Gli anestetici locali rappresentano una classe di farmaci fondamentali in ambito medico, utilizzati per interrompere in modo transitorio e reversibile la conduzione nervosa nelle aree in cui vengono applicati. Questa azione avviene senza provocare danni strutturali ai tessuti, rendendoli strumenti sicuri ed efficaci per il controllo del dolore durante procedure mediche, odontoiatriche o chirurgiche.

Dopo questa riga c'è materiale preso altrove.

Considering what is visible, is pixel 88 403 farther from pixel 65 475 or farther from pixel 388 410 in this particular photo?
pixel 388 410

Dal punto di vista chimico, gli anestetici locali sono basi deboli costituite da un anello benzenico legato a un gruppo amminico attraverso un legame di tipo estere o ammide. Questa distinzione chimica permette di classificarli in due categorie principali:
- amino-esteri: metabolizzati dalle pseudocolinesterasi plasmatiche. Un esempio classico è la procaina;
- amino-amidi: metabolizzati nel fegato attraverso un processo di dealchilazione ossidativa. Questa categoria include farmaci più comuni come la lidocaina e la ropivacaina.
Un trucco mnemonico per distinguere le due classi è osservare il nome del farmaco: le amino-amidi contengono almeno una “i” prima del suffisso -caina (es. lidocaina, ropivacaina), mentre gli amino-esteri ne sono privi (es. procaina).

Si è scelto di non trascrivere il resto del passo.